# WHAT IS EXPECTED:
Keeping every word in place, write out the entries that come next.

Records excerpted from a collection
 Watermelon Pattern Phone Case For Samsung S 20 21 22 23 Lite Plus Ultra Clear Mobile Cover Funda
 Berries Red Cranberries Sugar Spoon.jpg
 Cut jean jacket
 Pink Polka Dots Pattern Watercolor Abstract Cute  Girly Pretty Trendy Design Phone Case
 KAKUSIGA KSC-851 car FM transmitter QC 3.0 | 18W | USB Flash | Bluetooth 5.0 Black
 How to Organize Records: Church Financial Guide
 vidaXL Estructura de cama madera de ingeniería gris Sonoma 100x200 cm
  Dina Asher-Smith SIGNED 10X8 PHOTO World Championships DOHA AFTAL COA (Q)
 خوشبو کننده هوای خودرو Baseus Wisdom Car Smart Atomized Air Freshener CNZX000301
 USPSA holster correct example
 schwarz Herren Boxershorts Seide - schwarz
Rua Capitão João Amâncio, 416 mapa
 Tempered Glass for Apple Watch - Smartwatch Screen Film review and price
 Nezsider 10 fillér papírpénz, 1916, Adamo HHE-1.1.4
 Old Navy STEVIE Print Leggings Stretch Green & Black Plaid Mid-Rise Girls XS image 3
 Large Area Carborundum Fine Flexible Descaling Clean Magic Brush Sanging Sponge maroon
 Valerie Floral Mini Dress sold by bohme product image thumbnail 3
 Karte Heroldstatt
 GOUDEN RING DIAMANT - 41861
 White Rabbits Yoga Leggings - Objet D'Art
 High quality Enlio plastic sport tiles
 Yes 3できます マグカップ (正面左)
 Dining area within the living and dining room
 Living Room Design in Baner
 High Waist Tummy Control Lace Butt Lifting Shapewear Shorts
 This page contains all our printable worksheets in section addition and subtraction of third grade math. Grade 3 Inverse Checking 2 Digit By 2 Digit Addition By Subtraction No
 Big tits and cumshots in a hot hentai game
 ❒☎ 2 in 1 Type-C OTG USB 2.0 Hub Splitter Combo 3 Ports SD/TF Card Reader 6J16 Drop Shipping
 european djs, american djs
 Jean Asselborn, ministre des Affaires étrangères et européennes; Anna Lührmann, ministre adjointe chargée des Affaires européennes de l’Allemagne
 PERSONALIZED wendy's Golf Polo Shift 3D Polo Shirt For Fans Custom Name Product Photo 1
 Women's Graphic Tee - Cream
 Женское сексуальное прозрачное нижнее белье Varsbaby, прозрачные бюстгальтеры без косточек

# EXERCISE RESPONSE:
 Watermelon Pattern Phone Case For Samsung S 20 21 22 23 Lite Plus Ultra Clear Mobile Cover Funda
 Berries Red Cranberries Sugar Spoon.jpg
 Cut jean jacket
 Pink Polka Dots Pattern Watercolor Abstract Cute  Girly Pretty Trendy Design Phone Case
 KAKUSIGA KSC-851 car FM transmitter QC 3.0 | 18W | USB Flash | Bluetooth 5.0 Black
 How to Organize Records: Church Financial Guide
 vidaXL Estructura de cama madera de ingeniería gris Sonoma 100x200 cm
  Dina Asher-Smith SIGNED 10X8 PHOTO World Championships DOHA AFTAL COA (Q)
 خوشبو کننده هوای خودرو Baseus Wisdom Car Smart Atomized Air Freshener CNZX000301
 USPSA holster correct example
 schwarz Herren Boxershorts Seide - schwarz
Rua Capitão João Amâncio, 416 mapa
 Tempered Glass for Apple Watch - Smartwatch Screen Film review and price
 Nezsider 10 fillér papírpénz, 1916, Adamo HHE-1.1.4
 Old Navy STEVIE Print Leggings Stretch Green & Black Plaid Mid-Rise Girls XS image 3
 Large Area Carborundum Fine Flexible Descaling Clean Magic Brush Sanging Sponge maroon
 Valerie Floral Mini Dress sold by bohme product image thumbnail 3
 Karte Heroldstatt
 GOUDEN RING DIAMANT - 41861
 White Rabbits Yoga Leggings - Objet D'Art
 High quality Enlio plastic sport tiles
 Yes 3できます マグカップ (正面左)
 Dining area within the living and dining room
 Living Room Design in Baner
 High Waist Tummy Control Lace Butt Lifting Shapewear Shorts
 This page contains all our printable worksheets in section addition and subtraction of third grade math. Grade 3 Inverse Checking 2 Digit By 2 Digit Addition By Subtraction No
 Big tits and cumshots in a hot hentai game
 ❒☎ 2 in 1 Type-C OTG USB 2.0 Hub Splitter Combo 3 Ports SD/TF Card Reader 6J16 Drop Shipping
 european djs, american djs
 Jean Asselborn, ministre des Affaires étrangères et européennes; Anna Lührmann, ministre adjointe chargée des Affaires européennes de l’Allemagne
 PERSONALIZED wendy's Golf Polo Shift 3D Polo Shirt For Fans Custom Name Product Photo 1
 Women's Graphic Tee - Cream
 Женское сексуальное прозрачное нижнее белье Varsbaby, прозрачные бюстгальтеры без косточек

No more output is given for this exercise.